## EXERCISE INSTRUCTIONS
The material below includes pictures; leave them out and return only the lines between the line containing "Homemade Quilt Blanket" and the line containing "Ein Paar Vintage-Sessel", inclusive, word for word.

▬▬▬▬▬▬

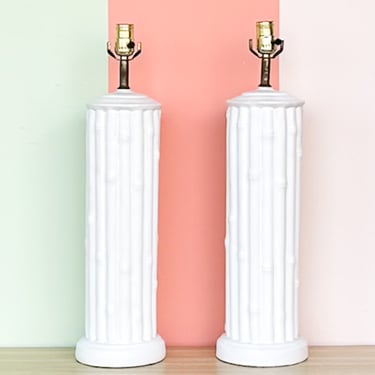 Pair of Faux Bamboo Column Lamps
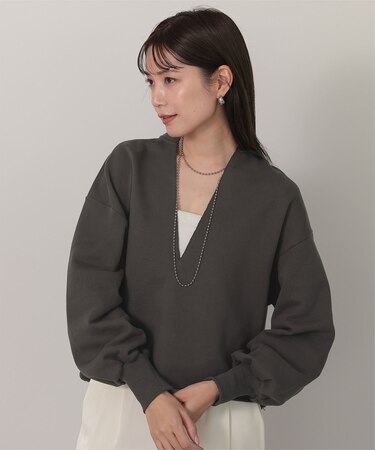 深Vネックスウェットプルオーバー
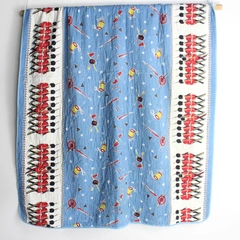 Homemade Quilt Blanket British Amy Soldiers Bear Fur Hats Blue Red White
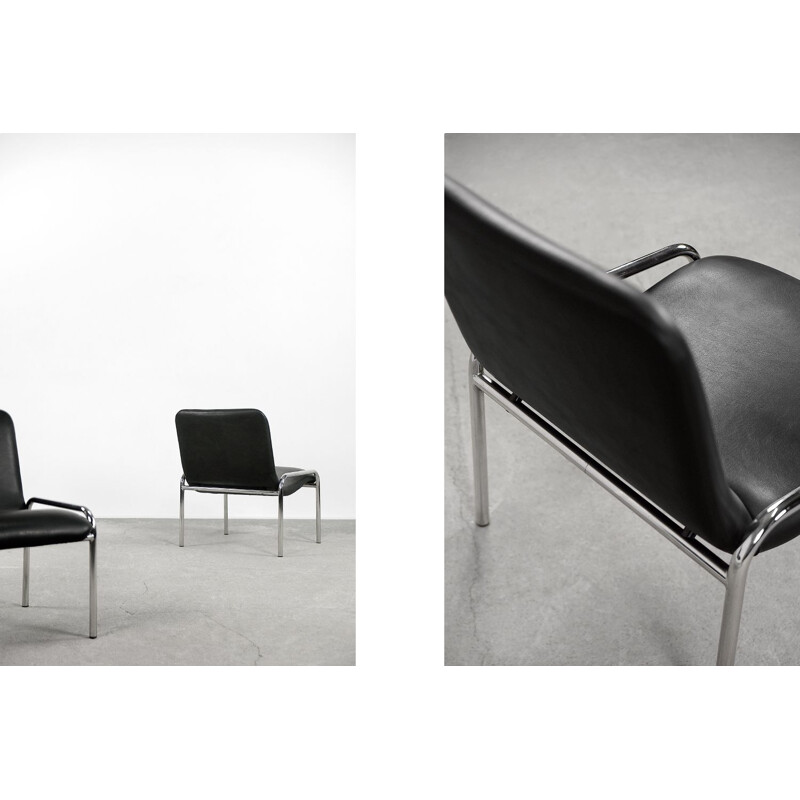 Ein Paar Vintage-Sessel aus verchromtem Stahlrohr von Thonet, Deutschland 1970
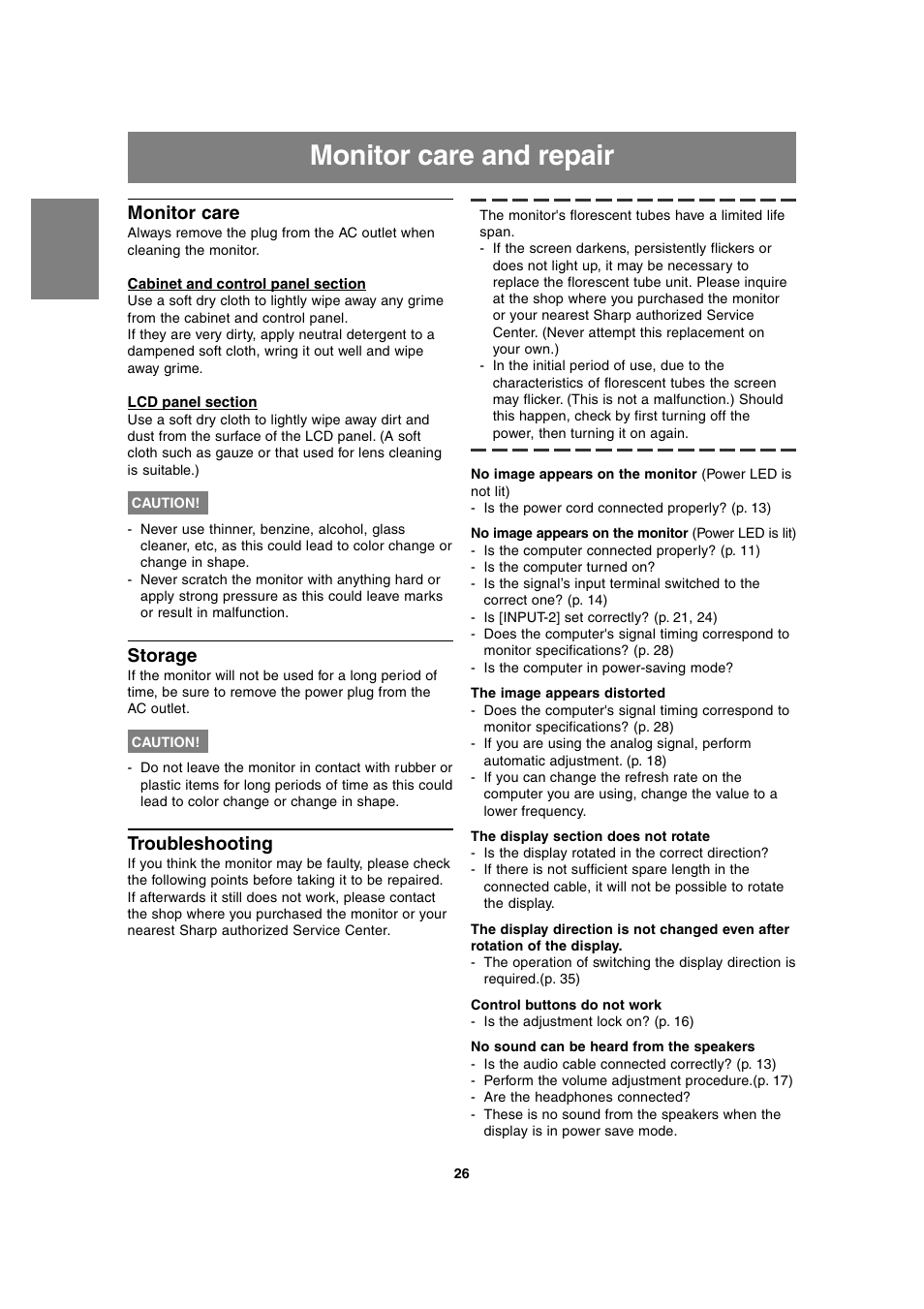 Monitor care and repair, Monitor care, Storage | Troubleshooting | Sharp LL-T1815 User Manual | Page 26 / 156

▬▬▬▬▬▬

## RESULT OF THE EXERCISE
 Homemade Quilt Blanket British Amy Soldiers Bear Fur Hats Blue Red White
 Ein Paar Vintage-Sessel aus verchromtem Stahlrohr von Thonet, Deutschland 1970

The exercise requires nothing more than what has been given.